## PROVIDED ENTRIES
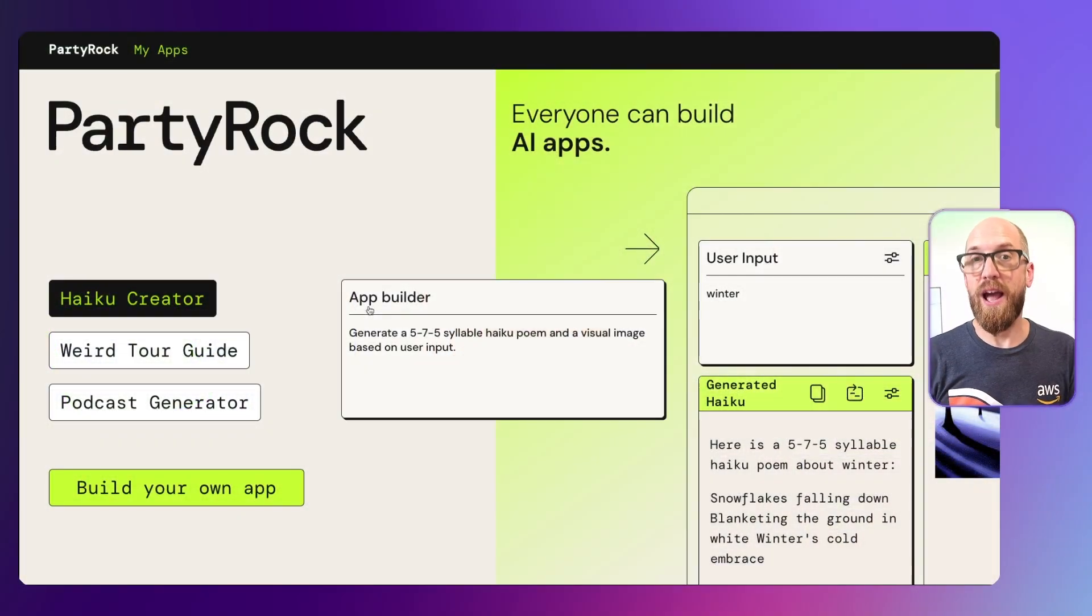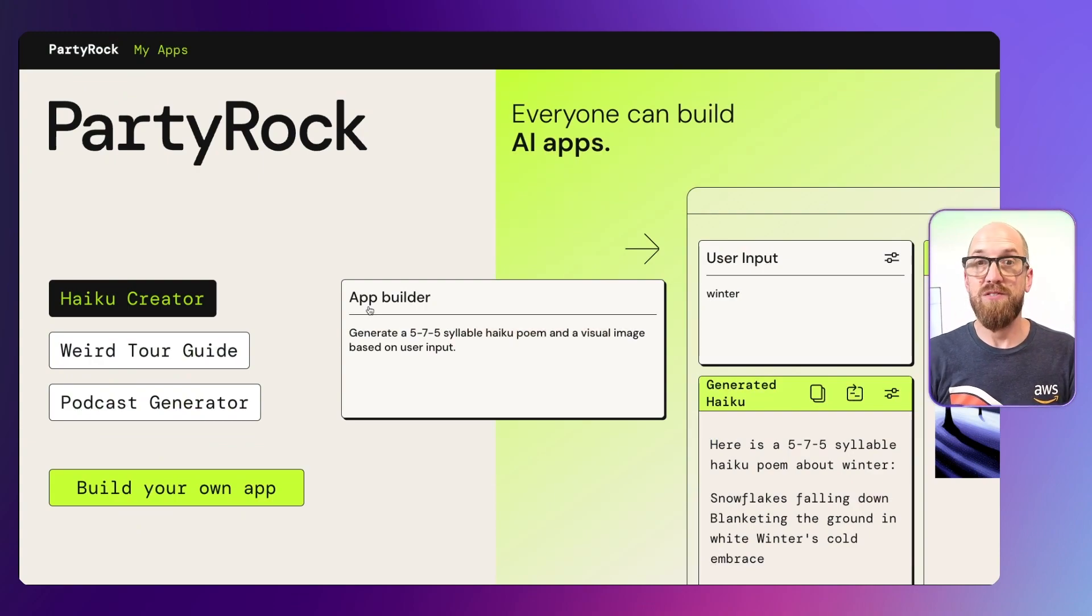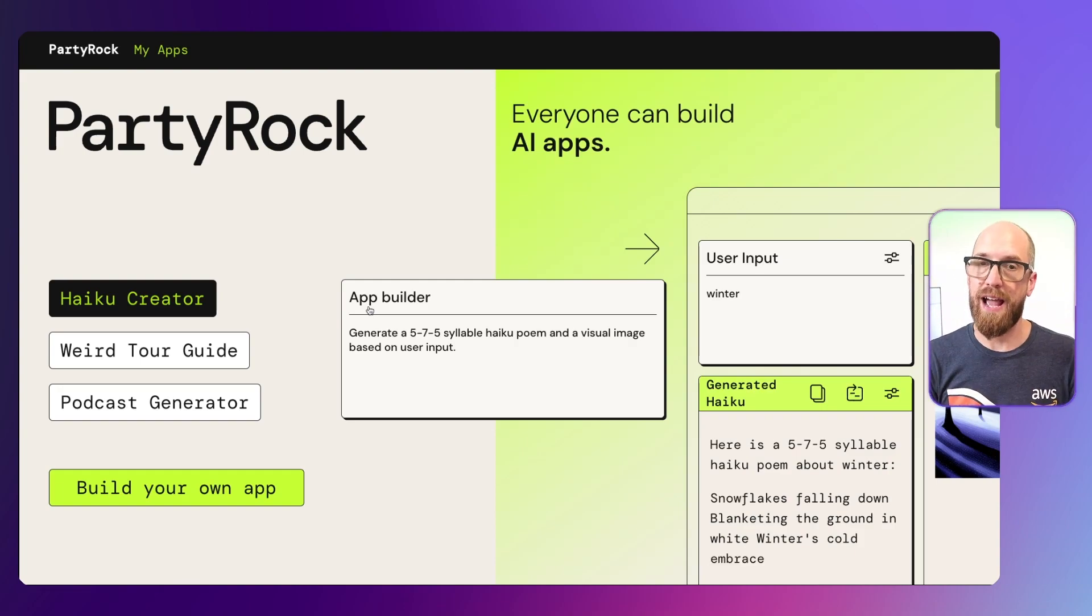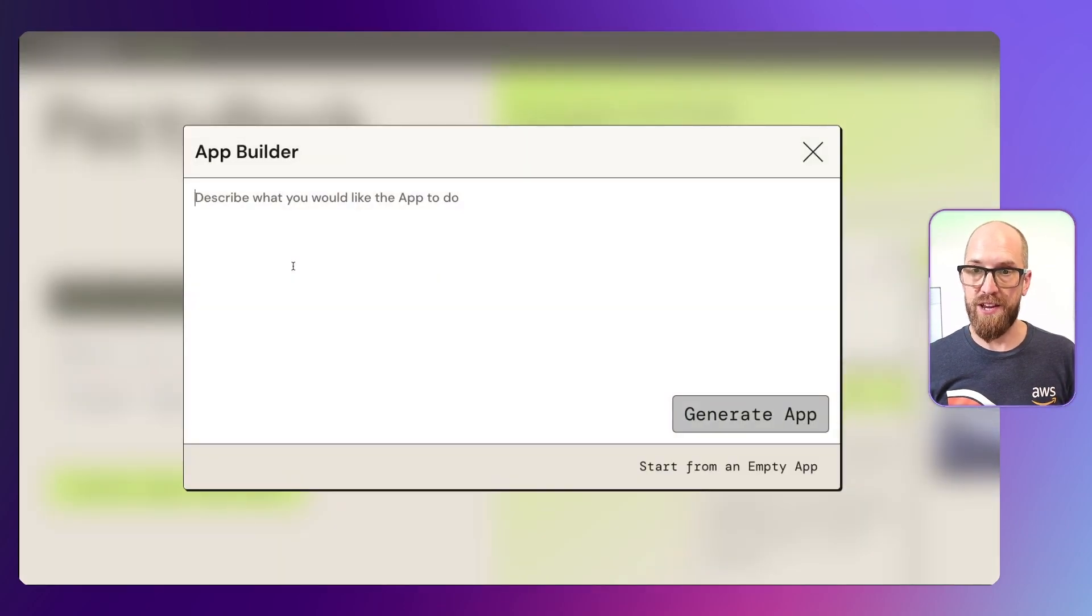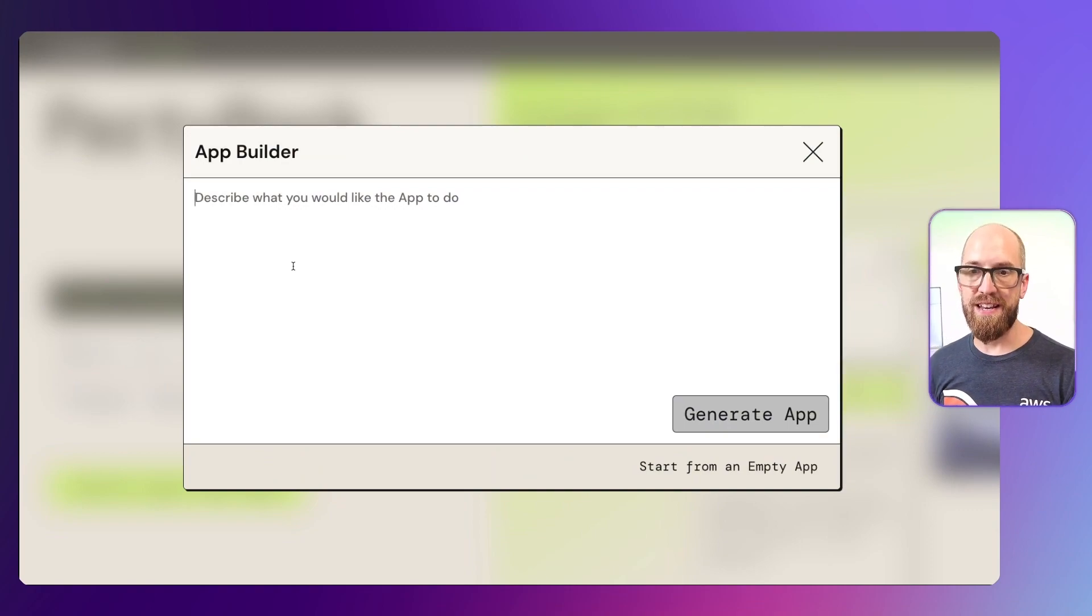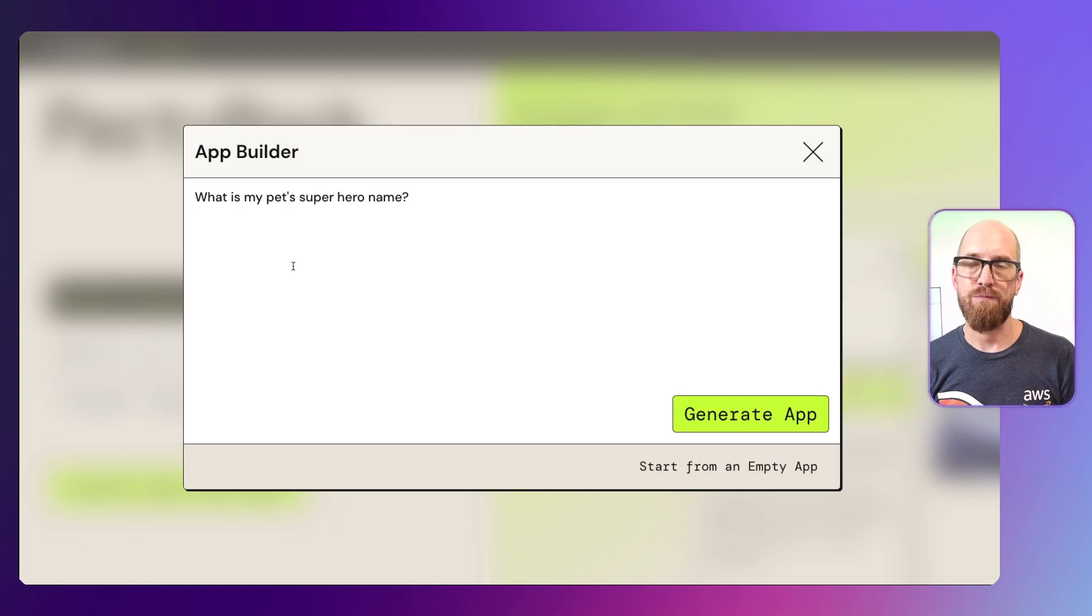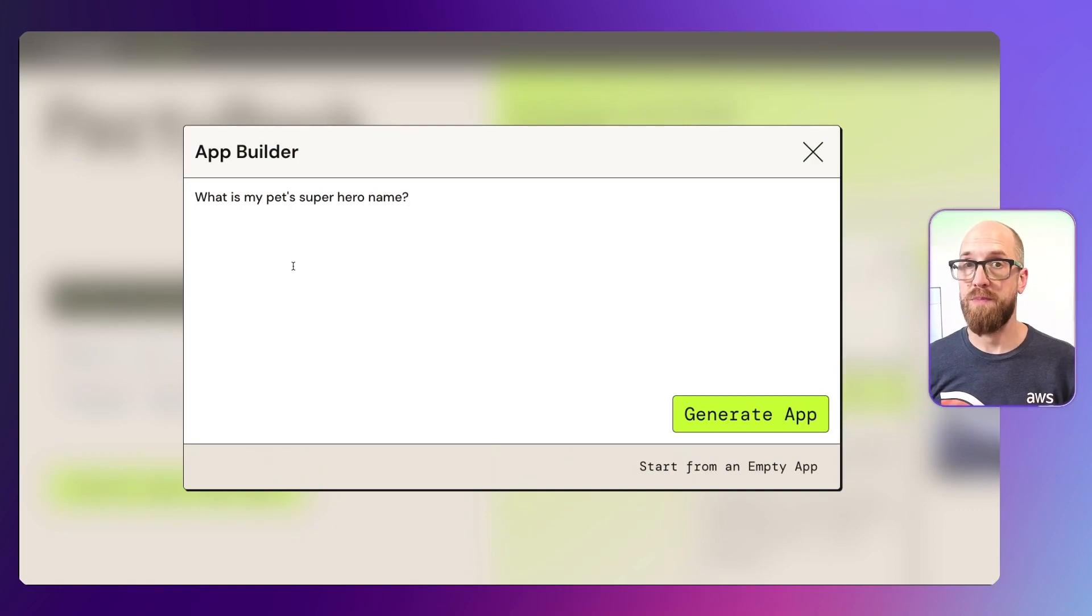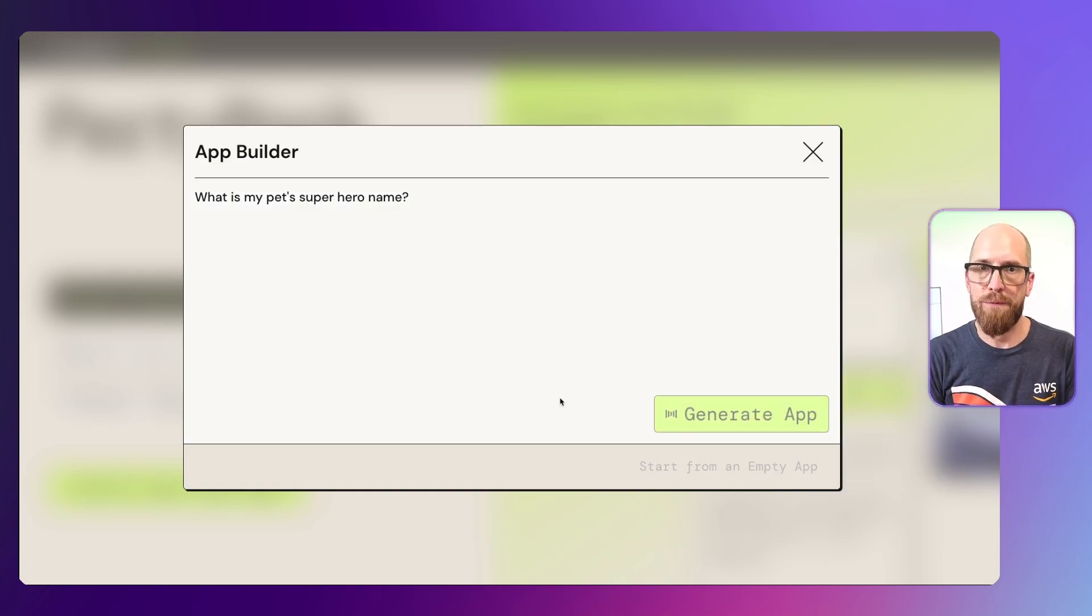Let's jump in to Amazon Party Rock. To get started it couldn't be simpler. All you need to do is describe the application that you'd like to build. So let's click on build your own application and we can type in whatever we want. I'm going to enter in here, what is my pet's superhero name? That is the application that I want to build. So let's go ahead and click create app.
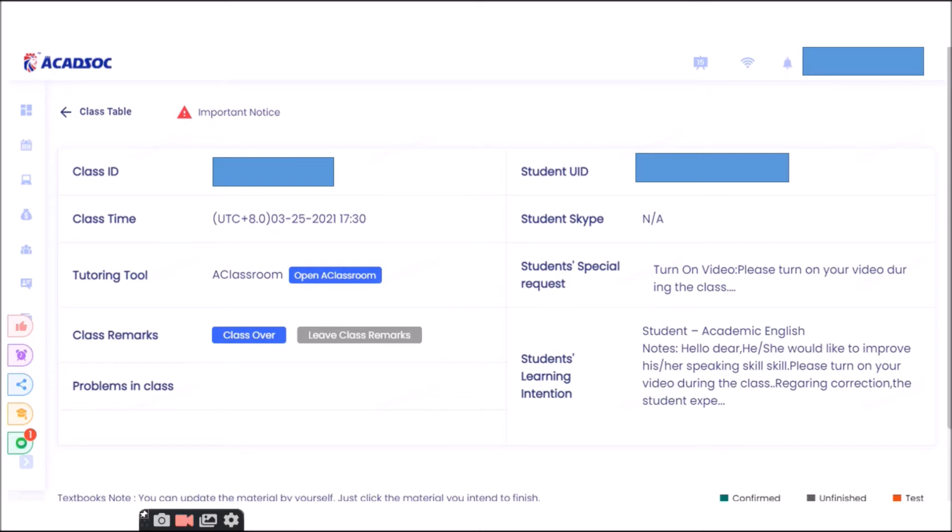Hello guys, welcome to my channel. Today, I will be sharing with you how we are going to use the A-Classroom CloudTalk version.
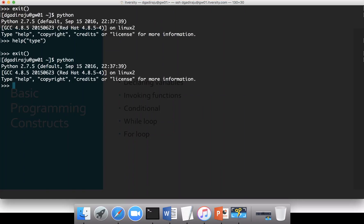Python is a weakly typed programming language, so you don't need to specify the data types. It's not statically typed, so there is no place where you will actually define the data types for your variables.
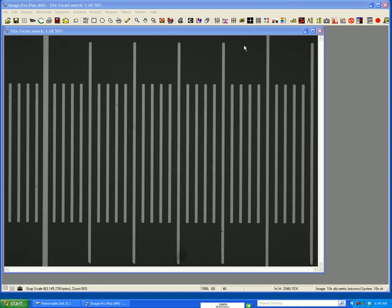Once you've acquired a calibration slide image, which I have showing on my desktop, these small divisions are 20 microns, this distance is 100 microns, and I've labeled what objective I acquired it with.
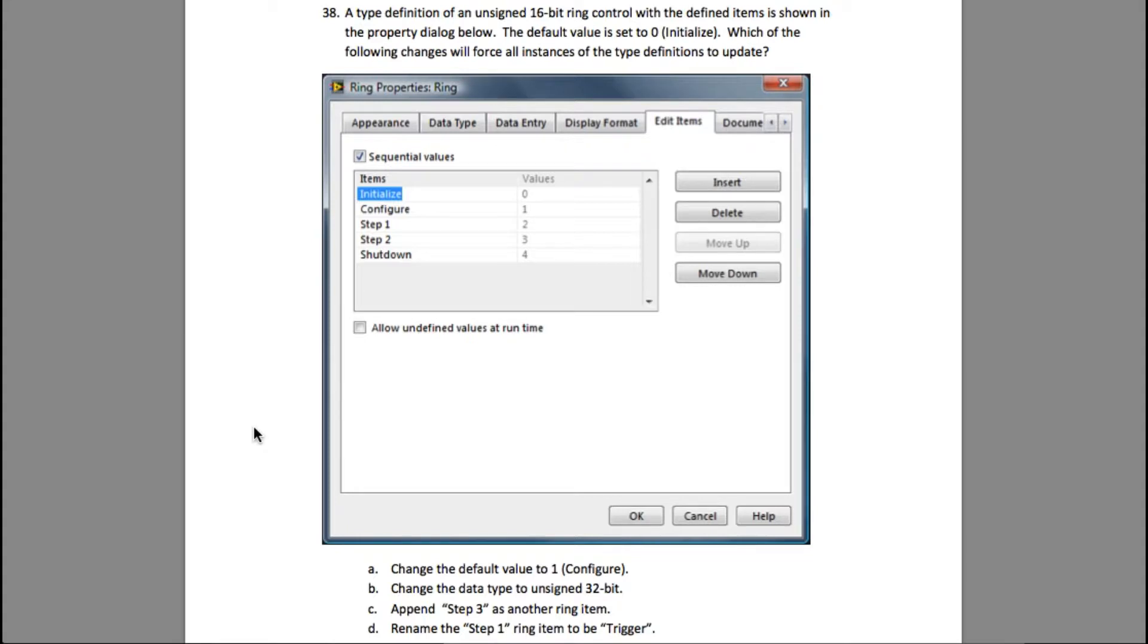When you convert an enum into a type def, what actually happens is whenever you make changes using the type def of an enum, all the other instances are updated automatically. That is why enum is used for scalability.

## WORK REQUIRED
Give again the stretch of lines above from the one with "Hello guys, welcome" through the one with "Once you've acquired", both ends kept, and copy no pictures.

## SOLUTION TO THIS EXERCISE
Hello guys, welcome to my channel. Today, I will be sharing with you how we are going to use the A-Classroom CloudTalk version.
Python is a weakly typed programming language, so you don't need to specify the data types. It's not statically typed, so there is no place where you will actually define the data types for your variables.
Once you've acquired a calibration slide image, which I have showing on my desktop, these small divisions are 20 microns, this distance is 100 microns, and I've labeled what objective I acquired it with.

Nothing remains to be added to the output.